What you read here is just the beginning. So much happened at CES that will literally set the tone for the rest of the year and beyond.

Snapdragon 800, Qualcomm’s new flagship mobile chip, boasts speeds of 2.3 GHz per core in a four-core processor. That’s better than a lot of laptops, enabling speeds demanded by most gamers with half the power of previous processors. Not sure what that means? It means Ultra HD video that provides four times better resolution than the pixels demanded by HD video for not just display, but for capture and send as well.

In healthcare that’s HUGE. Sure, YouTube and Netflix videos are huge, but consider a doctor who specializes in a treatment needed by a patient 10, 100, 1000 or even 10,000 miles away. How about a panel of doctors, all examining the patient with the clarity of Ultra HD?

Combine that with apps like the one being developed at Worcester Polytechnic Institute in Worcester, Massachusetts, which can pick up subtle changes in skin color by scanning blood vessels. Using a mobile device you can measure heart rate, heart rhythm, and respiration rate. Combine that with an external pulse oximeter and a mobile camera scan of the patient’s index finger which will yield blood oxygen saturation in just a minute. As if that’s not enough, after all the data is collected, the app will alert you if the heartbeat is irregular, indicating a possible atrial fibrillation.

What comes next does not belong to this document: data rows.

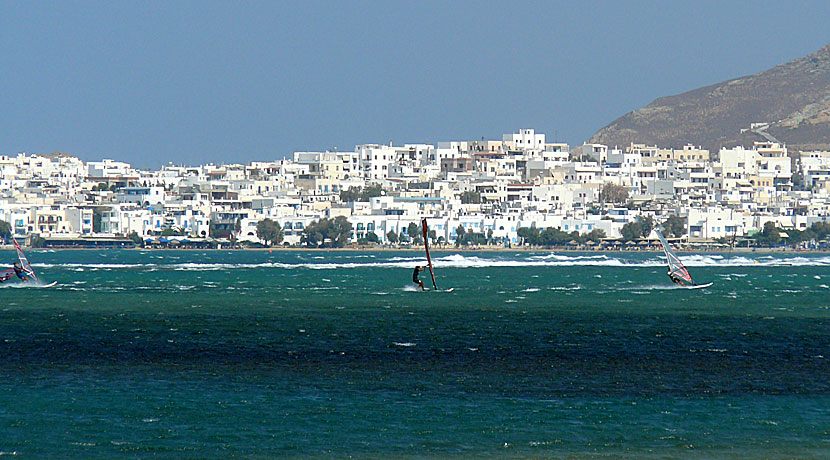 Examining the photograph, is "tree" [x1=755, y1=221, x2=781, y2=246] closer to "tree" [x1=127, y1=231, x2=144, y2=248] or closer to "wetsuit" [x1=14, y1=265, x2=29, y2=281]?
"tree" [x1=127, y1=231, x2=144, y2=248]

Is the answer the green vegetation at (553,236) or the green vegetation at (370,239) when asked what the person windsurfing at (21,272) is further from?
the green vegetation at (553,236)

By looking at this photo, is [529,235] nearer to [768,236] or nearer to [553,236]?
[553,236]

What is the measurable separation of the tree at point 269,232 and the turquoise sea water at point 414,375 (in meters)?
105

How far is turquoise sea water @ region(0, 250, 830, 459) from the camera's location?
101 feet

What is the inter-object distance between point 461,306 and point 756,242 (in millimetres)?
120831

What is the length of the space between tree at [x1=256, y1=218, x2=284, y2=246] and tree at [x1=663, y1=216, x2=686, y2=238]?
49.2 metres

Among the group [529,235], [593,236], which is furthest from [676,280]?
[593,236]

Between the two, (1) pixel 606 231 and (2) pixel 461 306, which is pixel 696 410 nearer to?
(2) pixel 461 306

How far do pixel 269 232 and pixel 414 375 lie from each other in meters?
148

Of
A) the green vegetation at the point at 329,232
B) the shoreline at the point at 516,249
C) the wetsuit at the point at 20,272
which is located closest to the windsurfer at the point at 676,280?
the wetsuit at the point at 20,272

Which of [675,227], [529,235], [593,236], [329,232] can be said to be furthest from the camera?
[329,232]

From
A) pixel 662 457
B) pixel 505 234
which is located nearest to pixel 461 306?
pixel 662 457

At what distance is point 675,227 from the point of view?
Answer: 184500mm

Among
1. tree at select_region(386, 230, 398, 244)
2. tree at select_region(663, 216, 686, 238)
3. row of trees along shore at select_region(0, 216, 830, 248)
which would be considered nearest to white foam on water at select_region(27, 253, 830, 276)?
tree at select_region(663, 216, 686, 238) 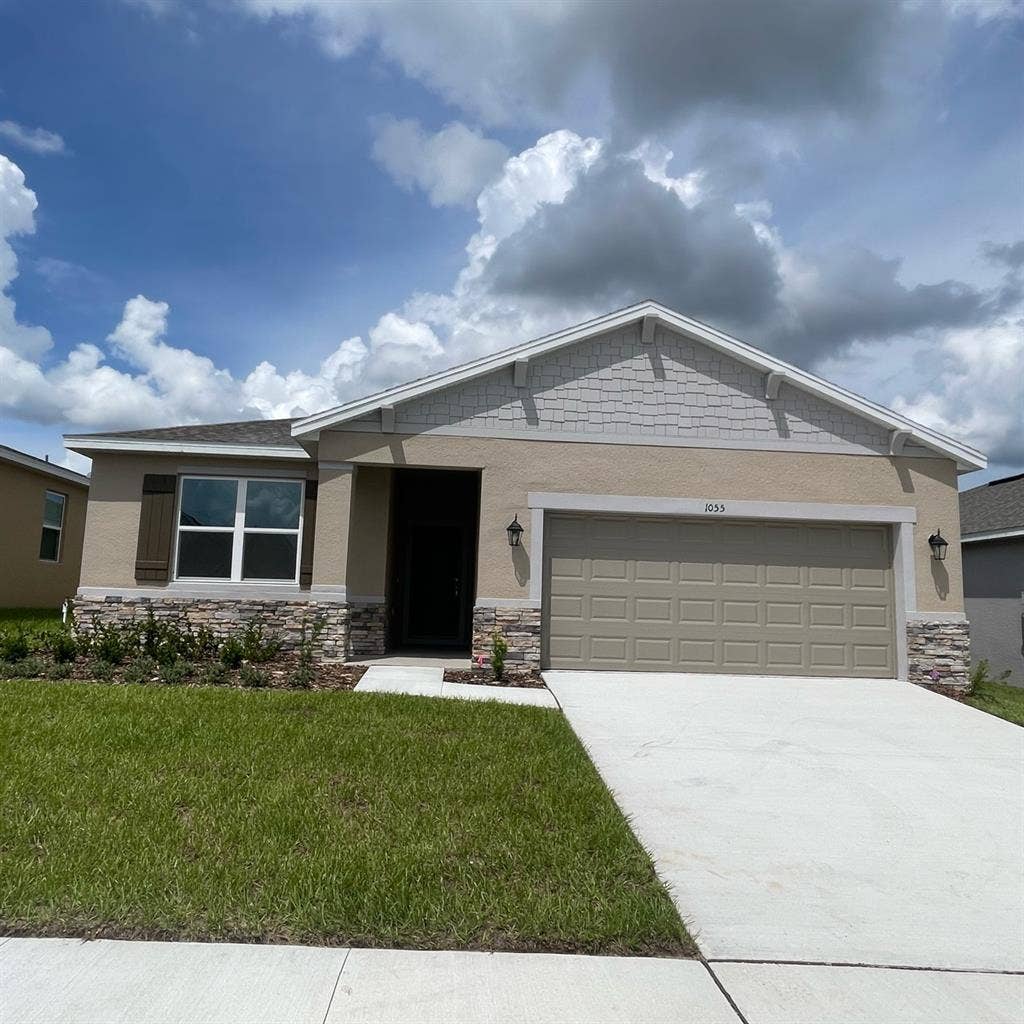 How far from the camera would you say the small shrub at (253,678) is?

Born Mobile isn’t a new generation of trendy kids with the latest devices. Sure, that’s part of it, but it’s the businessman who’s on the go, it’s the smartbooks in the classrooms, the grandparent who video-chats with the grandkids. Born Mobile is the underserved gaining new access to healthcare and connectivity where there was none and the doctors who treat those patients from across the world without ever leaving their offices. It’s everyone who buys the 1.2 billion smart devices that will be bought next year and the 5 billion that will be sold by 2016. It’s you. It’s me. It’s the future of healthcare.